6. After the impact in the basic form of the technique one should snap back the left hand and firmly place down the left leg (Do-Kyaku). Variants of the snap back are employed if the use of a follow on technique requires it Fig 2 E

7. The snap back of the left hand is in readiness. Assume a left leg forward Kamae-te.

Some Picture Studies

Photo Group A 1-8 demonstrates Okuri-Tsuki with the follow up technique of a highly destructive leg sweep performed with Ikken-Hisatsu in mind, as always by K.Enoeda. Note how much the front left foot moves forward in photos 1-2 gaining distance prior to the launching of the punch. Also consider how at the impact point in photo 3 his right foot lifts off the ground and on the move forward in photo 4. In this case the right foot not lands. But it delivers a leg bar to execute a powerful double leg sweep followed up with Otoshi-Tsuki.

Keinosku Enoeda shows how to execute the Okuri-tsuki.
Photo Group A: Keinosku Enoeda shows how to execute the Okuri-tsuki.

Although the fighting art differs in Photo Group B 1-3 the physics, the theory and the end result remains exactly the same. Photo 1 shows the total commitment of the body to the techniques delivery as it approaches the impact point and notice that the arm is already at full extension, Photo 2 shows the impact point and by the way this particular punch was responsible for breaking the jaw of the durable and very tough competitor Ken Norton, Photo 3 shows that there is very little pull back of the technique after impact and the back leg of Muhammad Ali has still not caught up the forward projection of the attacker’s committed technique.

 Okuri-tsuki by Muhammad Ali.
Photo Group B: Okuri-tsuki by Muhammad Ali.

Conclusion and A Simple Test

Hope this article has introduced Okuri-tski to some and stimulated the interest in trying out Okuri-tsuki in your training regime to all. Although the objective of the article was to clear up the mysteries and misconceptions surrounding Okuri-tsuki, I invite you to conduct this simple experiment. I first saw it demonstrated by Masahiko Tanaka.
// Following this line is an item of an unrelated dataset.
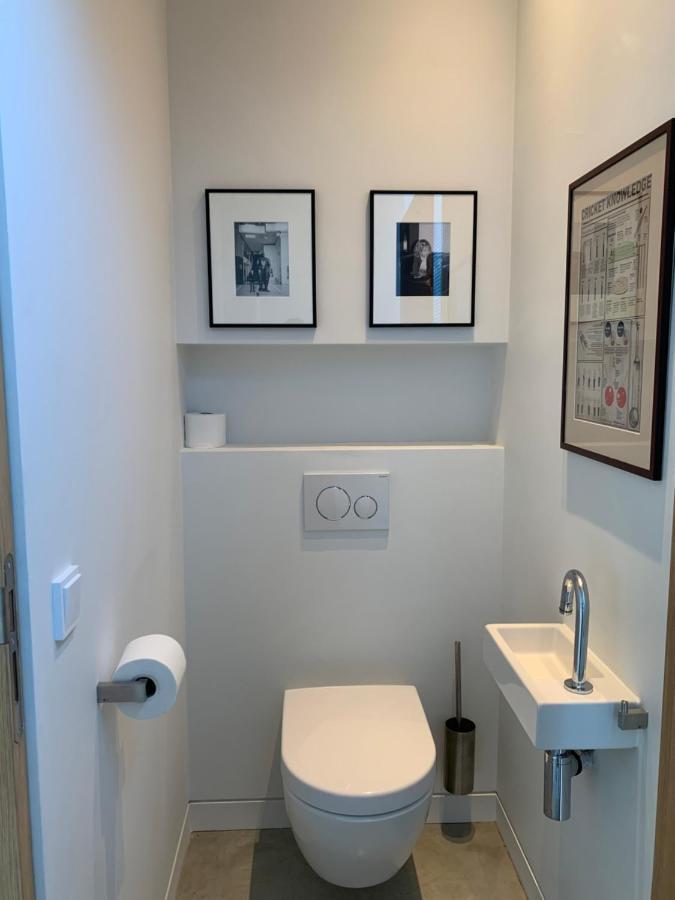 Kaewkong Surf Ferienhaus *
As I firmly believe that it may help you as it did help me, to fully appreciate the advantages that “a moving mass” impact technique such as Okuri-tsuki can add to the overall effectiveness of your technique.
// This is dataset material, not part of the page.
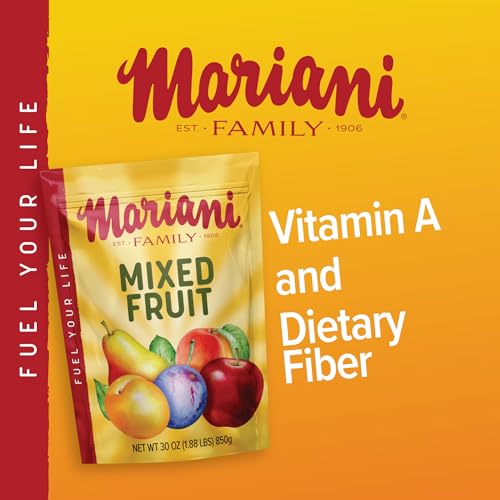 Mariani Premium Mariani Fancy Mixed Fruit thumb #4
So then if you are in the game, then try this simple test:

1. Stand in a left leg forward Zenkutsu-Dachi 

2. Position yourself close to a wall and extend the right arm out so that the fist of your right hand is firmly making contact with the wall.

3. Then push with the right arm into the wall constantly and experience what it feels like (in other words do not put on and ease off the pressure you are putting through the arm and fist during the experiment).

4. Next, without moving from the previous position, just lift the foot of the left leg and feel how your mass is being pulled further into the wall, i.e. into the would be target.

This is simply because the bodies mass is now unsupported and is subject to gravitational pull. Thus it simulates being on the move, whilst making contact with the target. This happens just a fraction of a second prior to landing your mass through the foot of the moving leg (Do-Kyaku) and just as you would experience it with a correctly delivered Okuri-Tsuki.  Good Luck and Good Practice.